Repetir tantas vezes a palavra quarentena que ela então já não diga nada, que se desfaça em sílabas indiferentes, uma mera sequência de es anasalados como numa cantilena. Esquartejar a quarentena. Compreender que sua matéria não é a palavra, e sim o tempo, e decepar os dias que restam até o fim da quarentena, as horas que restam até o fim dos dias, os minutos que restam até o fim das horas. Aceitar que o tempo esquiva toda tentativa de violência e reconciliar-se com ele. Reconhecer que a indigência do presente é habitada por um passado largo, por um futuro desconhecido e imenso, e chegar a ver até alguma beleza no movimento incessante e errático do tempo.
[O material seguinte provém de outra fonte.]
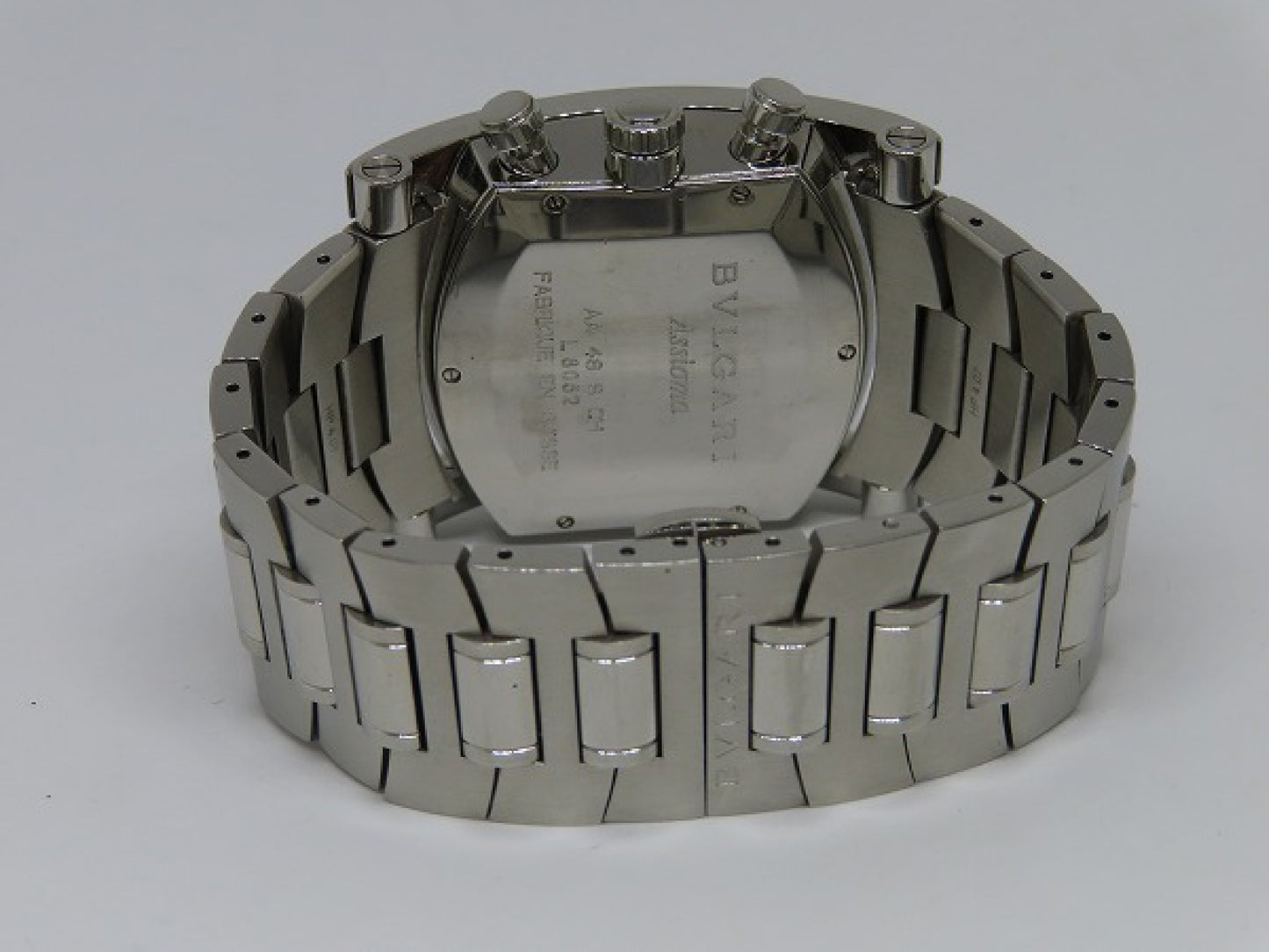 BVLGARI Assioma AA48SCH L8052 Automatic Black Dial Men's Watch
Esquecer a quarentena. Despertar sem muito pensar no dia que vem pela frente e se vestir por inteiro, calçar meias e sapatos, pentear-se diante do espelho. Terminar de uma vez aquela livre paráfrase do poema de Juan Gelman, trocando o exílio pela quarentena, e perceber que se a coluna está pronta só pode ser sexta-feira. Cogitar, por um instante que seja, encontrar os amigos depois do trabalho, sentar para tomar uma cerveja num bar qualquer, estender pela noite a bebedeira. Tirar os sapatos e as meias, ir dormir ainda sóbrio, ainda cedo, e se concentrar para, no dia seguinte, por um instante que seja, não esquecer de esquecer a quarentena.
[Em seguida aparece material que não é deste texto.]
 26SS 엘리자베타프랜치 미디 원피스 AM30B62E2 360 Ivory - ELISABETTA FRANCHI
Ler notícias o dia inteiro, ouvir notícias, assistir às notícias quando a noite chega. Levar as mãos à cabeça seguidas vezes, afundá-las nos cabelos, esfregar a testa, espremer os olhos com os dedos. Tentar raspar as notícias que aderiram à pele, tentar borrar as imagens que as pálpebras retiveram. De olhos fechados, perguntar-se com total descrença se não estaremos imersos no maior e mais dramático dos pesadelos. Desligar a televisão, fechar o computador, deixar de lado o celular, instaurar na casa o silêncio. Ir preenchendo o silêncio com palavras alheias, pensar no silêncio de Mario Quintana, este impoluível silêncio em que eu escrevo e você me lê.
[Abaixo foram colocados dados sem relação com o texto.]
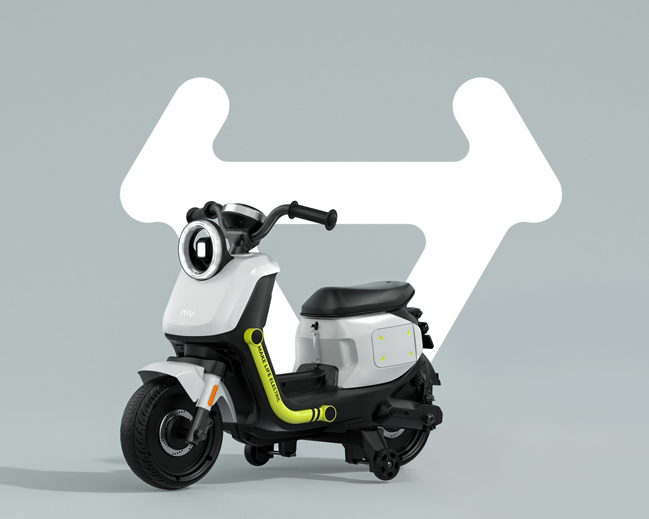 小牛U2正版授权儿童摩托车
Esperar que os vizinhos poluam o silêncio com o ruído de suas panelas, de sua raiva, sua indignação, seu desespero, e então ir ouvi-los junto à janela. Chocar seguidas vezes uma colher de pau contra o dorso de uma frigideira, ver como a colher vai deixando pequeníssimas gretas no fundo preto, desejar que o ruído estridente consiga produzir sobre o real o mesmo efeito. Gritar contra o presidente, mas sobretudo conversar com os vizinhos através dos gritos, ir compondo nas variações de cada grito um discurso coletivo, um manifesto. Recuar ao sofá, recostar-se, massagear a garganta um tanto áspera, sentir como o corpo ainda vibra de seu rompante recente.
Ficar em casa, isso está claro. Maldizer a pequenez da casa, tenha ela o tamanho que tiver, lamuriar-se da proximidade das paredes. Levantar-se, mover-se, explodir as paredes da casa de todas as maneiras imagináveis, comunicar-se por todos os meios, com quem quer que seja. Tentar fazer da casa um lar para a infinidade. Tentar existir no mundo apesar de tanta ausência. Voltar a recolher-se na intimidade da casa. Percorrer cada cômodo da casa à procura de seus habitantes, das filhas, da companheira. Abraçá-las, uma de cada vez, envolvê-las intensamente sem que elas entendam por quê, sustentar o abraço até que entendam.